Note that we are also making an assumption that the fruits are all presented to the same scale. This is fine if we are using a fixed camera and the fruit is passing underneath on a conveyor belt, but in a more general photograph that information may not be so easy to discern. The approach we’re taking also suggests we can segment the photographic image to just give us the fruit object within it. Again, in an industrial setting, we may be able to control for this (only one object in view, on a clean white conveyor background, for example).
Let’s assume we have got the images in the form that is required.
The table below records the measurements listed for the fruit shown in the diagram calculated according to the method described above. The long measurement is given first, followed by the short measurement.
pears |
bananas |
strawberries |
oranges |
|---|---|---|---|
(5.2, 3.1) |
(8.5, 1.9) |
(2.1, 1.4) |
(4.7, 4.5) |
(6.3, 2.4) |
(8.3, 1.6) |
(2.8, 1.8) |
(4.6, 4.2) |
(6.7, 1.8) |
(9.7, 2.0) |
(2.0, 1.8) |
(4.6, 4.1) |
(5.3, 2.9) |
(7.5, 1.7) |
(2.2, 2.0) |
(4.0, 3.7) |
These measurements can be plotted on a grid. The longest measurement is plotted on the horizontal axis, and the shorter measurement is plotted on the vertical axis.
As the diagram shows, when we plot the objects on a grid using the long measurement on the horizontal x-axis and the short measurement on the vertical y-axis, the similar sorts of fruits are arranged close to each other. These sorts of grouping are typically referred to as clusters.
When data are grouped like this, we can use various techniques to learn about the clusters, as well as identifying which cluster a newly presented object is likely to correspond to.

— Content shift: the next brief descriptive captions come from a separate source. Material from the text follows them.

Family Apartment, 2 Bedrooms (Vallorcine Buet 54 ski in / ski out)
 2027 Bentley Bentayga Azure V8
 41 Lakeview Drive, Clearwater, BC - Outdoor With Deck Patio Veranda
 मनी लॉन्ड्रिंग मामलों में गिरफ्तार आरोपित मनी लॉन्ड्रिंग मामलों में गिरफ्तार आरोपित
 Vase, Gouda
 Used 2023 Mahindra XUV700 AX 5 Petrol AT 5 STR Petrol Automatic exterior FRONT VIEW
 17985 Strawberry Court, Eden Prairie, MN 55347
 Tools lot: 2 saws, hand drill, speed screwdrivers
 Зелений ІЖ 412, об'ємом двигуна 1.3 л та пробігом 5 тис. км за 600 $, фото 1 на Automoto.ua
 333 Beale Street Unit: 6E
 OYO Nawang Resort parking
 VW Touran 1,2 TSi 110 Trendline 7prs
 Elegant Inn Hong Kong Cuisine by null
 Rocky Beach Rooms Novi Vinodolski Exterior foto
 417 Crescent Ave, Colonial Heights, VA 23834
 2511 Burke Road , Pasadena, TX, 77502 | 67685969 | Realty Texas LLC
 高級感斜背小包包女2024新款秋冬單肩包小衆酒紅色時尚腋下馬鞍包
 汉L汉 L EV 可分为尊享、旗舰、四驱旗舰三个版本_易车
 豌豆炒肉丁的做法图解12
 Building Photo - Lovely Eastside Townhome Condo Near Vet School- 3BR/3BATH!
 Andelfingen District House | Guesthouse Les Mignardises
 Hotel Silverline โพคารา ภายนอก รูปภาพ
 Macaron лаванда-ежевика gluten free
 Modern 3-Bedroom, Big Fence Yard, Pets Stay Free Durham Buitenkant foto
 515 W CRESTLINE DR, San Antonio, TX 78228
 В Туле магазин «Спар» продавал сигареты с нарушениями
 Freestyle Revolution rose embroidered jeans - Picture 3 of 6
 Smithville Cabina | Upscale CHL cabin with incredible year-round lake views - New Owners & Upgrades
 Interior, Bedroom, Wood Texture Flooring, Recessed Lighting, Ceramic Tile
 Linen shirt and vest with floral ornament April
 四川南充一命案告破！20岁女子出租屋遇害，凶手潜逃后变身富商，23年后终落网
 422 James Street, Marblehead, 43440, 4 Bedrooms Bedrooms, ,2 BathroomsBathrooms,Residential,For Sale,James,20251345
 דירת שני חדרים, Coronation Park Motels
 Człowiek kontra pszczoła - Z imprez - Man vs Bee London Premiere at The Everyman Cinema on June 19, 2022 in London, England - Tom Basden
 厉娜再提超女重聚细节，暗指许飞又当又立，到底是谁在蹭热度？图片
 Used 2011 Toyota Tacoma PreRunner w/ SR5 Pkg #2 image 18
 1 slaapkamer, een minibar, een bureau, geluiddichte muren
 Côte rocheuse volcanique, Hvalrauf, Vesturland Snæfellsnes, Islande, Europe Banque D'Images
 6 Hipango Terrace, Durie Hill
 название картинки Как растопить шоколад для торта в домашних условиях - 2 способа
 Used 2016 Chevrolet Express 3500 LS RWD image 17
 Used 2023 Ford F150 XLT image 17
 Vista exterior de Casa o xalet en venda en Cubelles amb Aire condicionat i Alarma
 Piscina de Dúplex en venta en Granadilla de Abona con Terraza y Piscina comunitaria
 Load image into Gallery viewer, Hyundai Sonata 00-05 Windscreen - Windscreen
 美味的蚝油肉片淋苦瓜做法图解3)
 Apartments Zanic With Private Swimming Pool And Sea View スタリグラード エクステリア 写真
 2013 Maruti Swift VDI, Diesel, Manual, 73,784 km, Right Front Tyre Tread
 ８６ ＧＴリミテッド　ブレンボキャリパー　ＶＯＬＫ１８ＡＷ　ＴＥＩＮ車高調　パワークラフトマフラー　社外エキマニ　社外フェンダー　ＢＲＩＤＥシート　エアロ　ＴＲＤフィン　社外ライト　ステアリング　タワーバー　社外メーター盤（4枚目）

Neural networks provide a powerful method for working with such data.
2.1.1 Activity – A simple classification task¶
Let’s suppose that a robot has the data above in its memory, and it comes across (as yet) unclassified fruit with the pairs of measurements shown in the table below.
Features |
Label |
|---|---|
(2.5, 2.1) |
strawberry |
(4.6, 4.5) |
orange |
(6.3, 2.9) |
|
(9.5, 1.9) |
|
(1.8, 1.5) |
|
(5.1, 2.1) |
|
(4.5, 4.1) |
Double-click on this cell and complete the table, identifying the class of fruit the robot should associate each measurement pair with.
Example solution¶
Click on the arrow in the sidebar or run this cell to reveal an example solution.
The answers I got were as follows:
Features |
Label |
|---|---|
(2.5, 2.1) |
strawberry |
(4.6, 4.5) |
orange |
(6.3, 2.9) |
PEAR |
(9.5, 1.9) |
BANANA |
(1.8, 1.5) |
STRAWBERRY |
(5.1, 2.1) |
PEAR |
(4.5, 4.1) |
ORANGE |
You probably found this quite easy. Arranging data points like this on a grid is a simple idea, and there are many techniques that use it to enable automatic classification.
In many cases, however, rather than imagining the points in a 2-dimensional grid, the network may be partitioning them over a 20-dimensional grid, or a 200-dimensional grid. This is quite a bit harder for us to visualise!
2.1.2 The fruit-classification task¶
The general idea behind classification using neural networks as classifiers is that data are fed into the network and one of the outputs ‘fires’, signifying that the class associated with this output has been recognised.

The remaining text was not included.